In the individual coaching, an increasing number of players received their own plan of action with tailor-made interventions. We saw growth. A player who saw criticism as an attack started using feedback to get better. Another who blocked under pressure learned to breathe and focus. We also learned which tools do and do not match the experience of the players.
The team became stronger. Not only physically and tactically. But also, mentally. And that was reflected in the results. Not always in winning games, but in how the team reacted to adversity. In how it kept learning.
Year 3: Standard part of the team program
The third year felt more mature. Even in top sport, working on mental toughness is not always self-evident for players. It is still often seen as a theme that you only start working on when things are not going well. That is changing at FC Utrecht. We now have an approach – individual and collective – that is a standard part of the program. Mental toughness was no longer a “special theme”. For the new season, we made a plan with the trainers for several months in which mental toughness was routinely linked to the other development goals of the staff. It had become part of the team program. Just as common as physical training. Just as important as tactics. We saw the effects in matches. Even after a loss, the focus remained on learning. After a setback, the belief in each other remained. Not big and spectacular. But quiet and constant.
Individual coaching is standard for each player, based on MTQ results. Each player has a personal development plan in which mental toughness has a fixed place. That still requires attention. But we now know that repetition and guidance are necessary.
Measuring effectiveness
We were curious if we could also determine the progression, as we felt with the MTQ PLUS. We therefore carried out a second reassessment at the end of 2025. We compared the scores of players since the start of the program. Looked at the new players and the departures. And we investigated the developments in the team profile. The result was promising.

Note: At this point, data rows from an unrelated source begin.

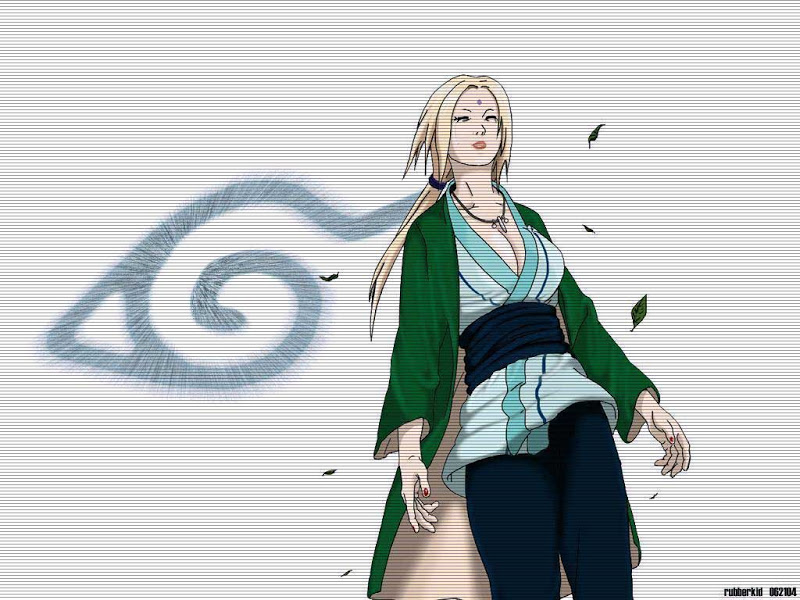 lady tsunade wallpaper,karikatur,illustration,anime,oberbekleidung,animation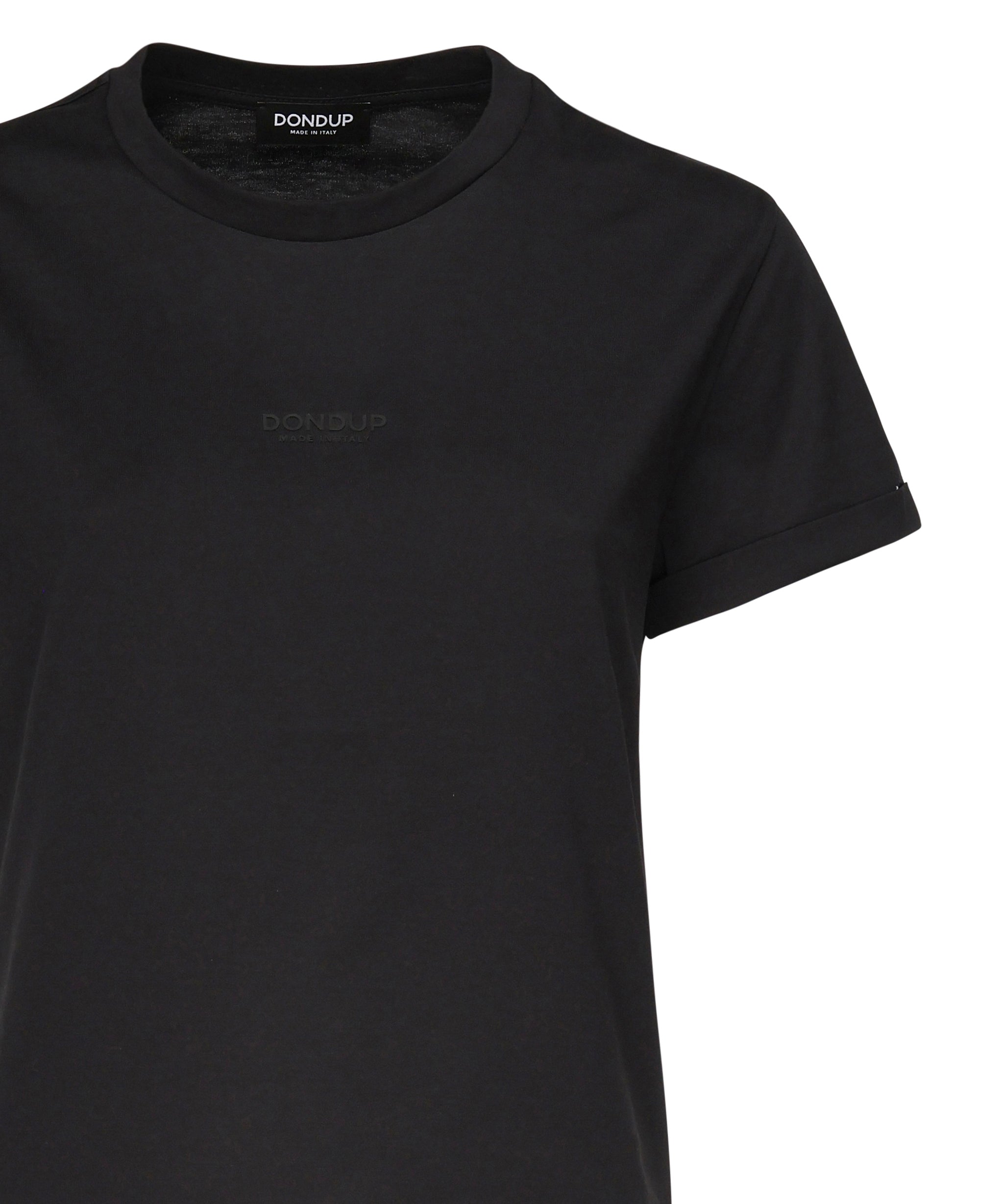 T-shirt regular con logo DS039 JF0271DDU6999 DONDUP 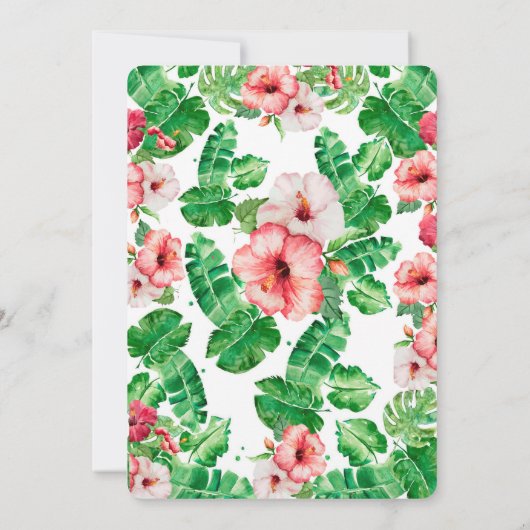 partijuitnodiging kaart (Achterkant)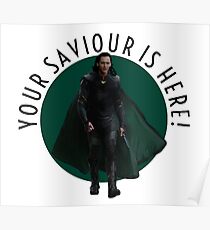 your saviour is here Poster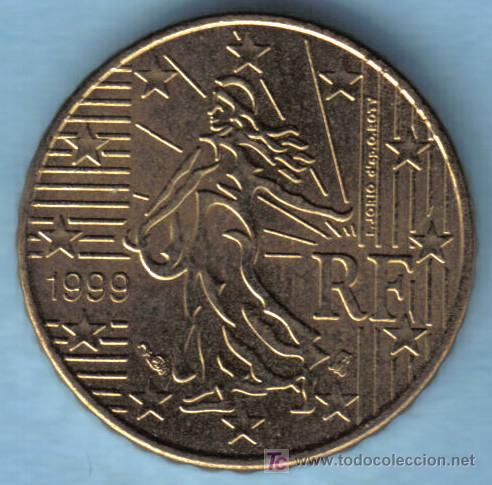 Euros: FRANCIA 10 CENTIMOS DE EURO 1999 - Foto 1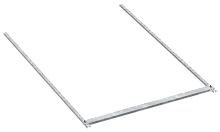 IEK FORMAT Панель нижняя наборная в шкаф 800х1000мм  (FO-00-PLT-080-100)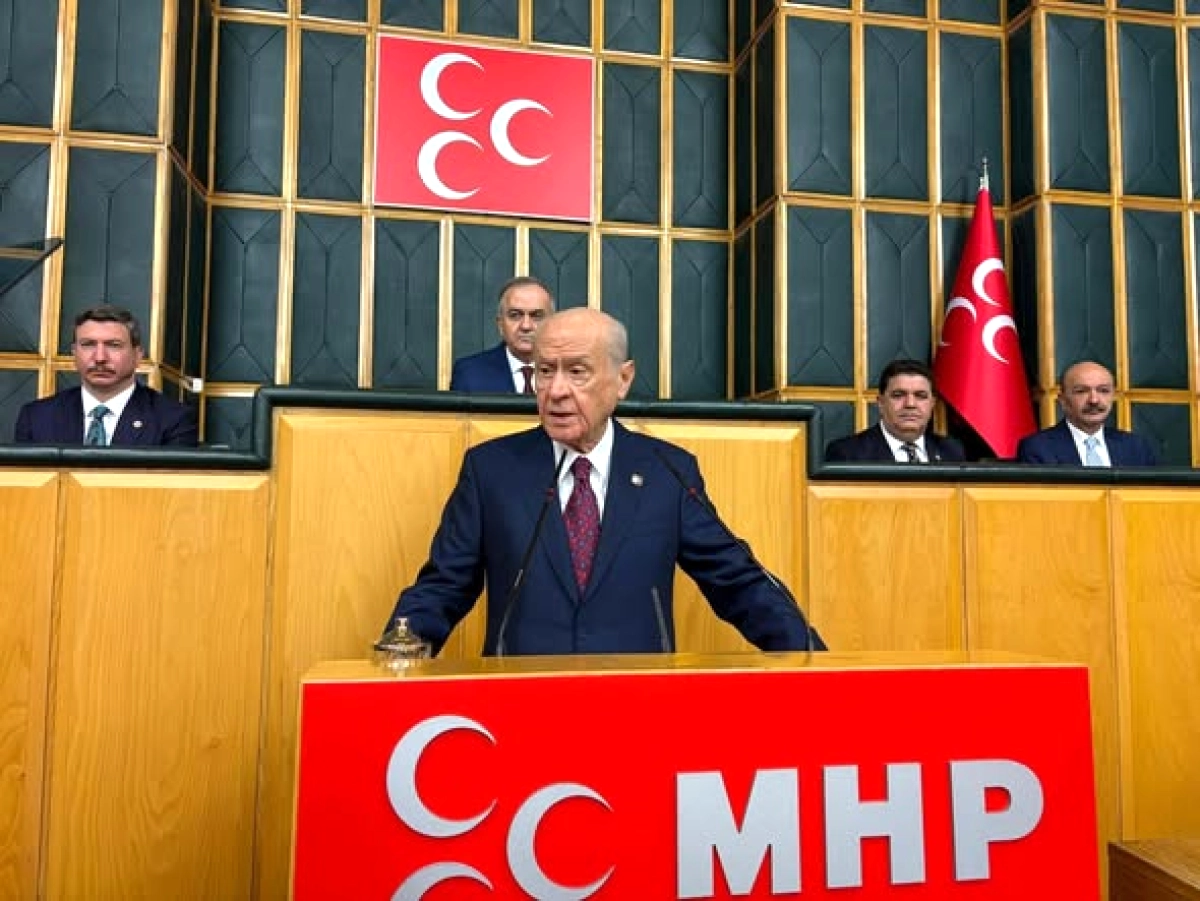 MHP TBMM Grup Toplantısı Başladı: Devlet Bahçeli Milletvekillerine Hitap Ediyor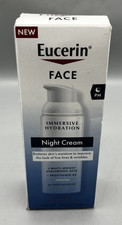 Eucerin Immersive Hydration Face Night Cream - 2.5oz Brand NEW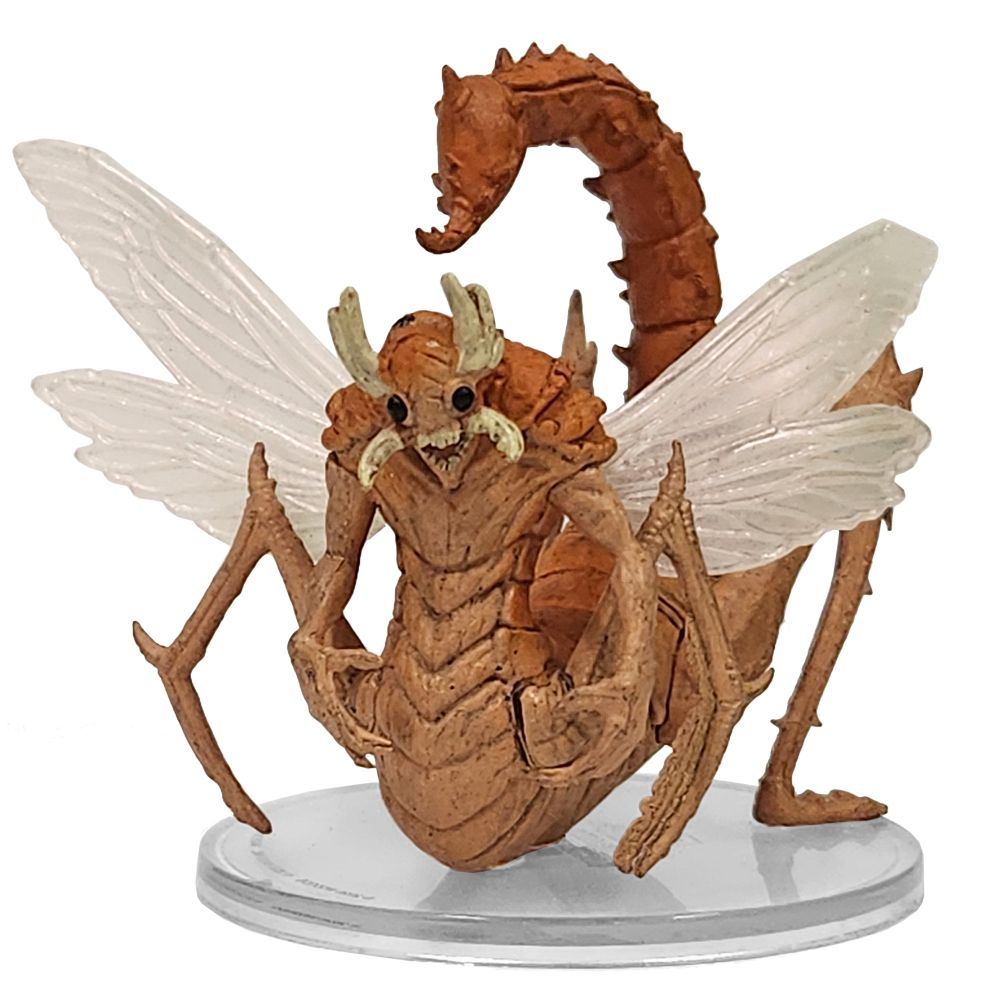 Planar Perils #32b Derakni (Locust Demon) (Brown) (U)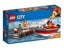 LEGO City Dock Side Fire 60213 Building Kit (97 Pieces) Carousel 1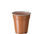 Vaso desechable marrón y blanco 166 ml poliproplieno para máquina automática, - Foto 2
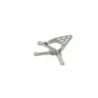 Platine avant gauche YAMAHA YZF 600 R6 2003 - 2004 Platine avant gauche YAMAHA YZF 600 R6 2003 - 2004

Although the data and averages are based on a small group, they certainly indicate a direction for the future.

The team’s average score was more than one point higher than in the first measurement. The team profile showed the biggest improvement in the components of confidence in abilities, interpersonal confidence, life control and learning orientation.

In professional football, there are a lot of transfers in a year. Some players, who were enthusiastically taking part in the coaching program, left the club and joined a.o. Ajax and Fiorentina. When we focused on the individual players, we noticed that the players who left the team were, on average, and except for the players who left for a better club, more mentally sensitive than the players who stayed. Mental toughness, identified with the MTQ, was one of the criteria in the selection process for new players to the team. We saw that, on average, the newcomers were more mentally strong.
The players that were part of the journey from the beginning showed improvement that was, on average inline with the overall team. The staff and I concluded that players who adopted mental toughness interventions in their lives and training showed improvement. Players who were not so actively involved showed almost no progress.
The approach works. But a lot of convincing and perseverance was en is still needed. It also shows that mental toughness develops when you are and remain structurally engaged in it, both individually and collectively.
“We couldn’t have done that last year!”
Mental toughness often makes the difference between winning and losing in top sport. A player said at the beginning of this season, after we had won two games in the last minutes: “We could never have done that last year.” And that’s right. That is exactly the reason why we put time and energy into the development of mental toughness at FC Utrecht.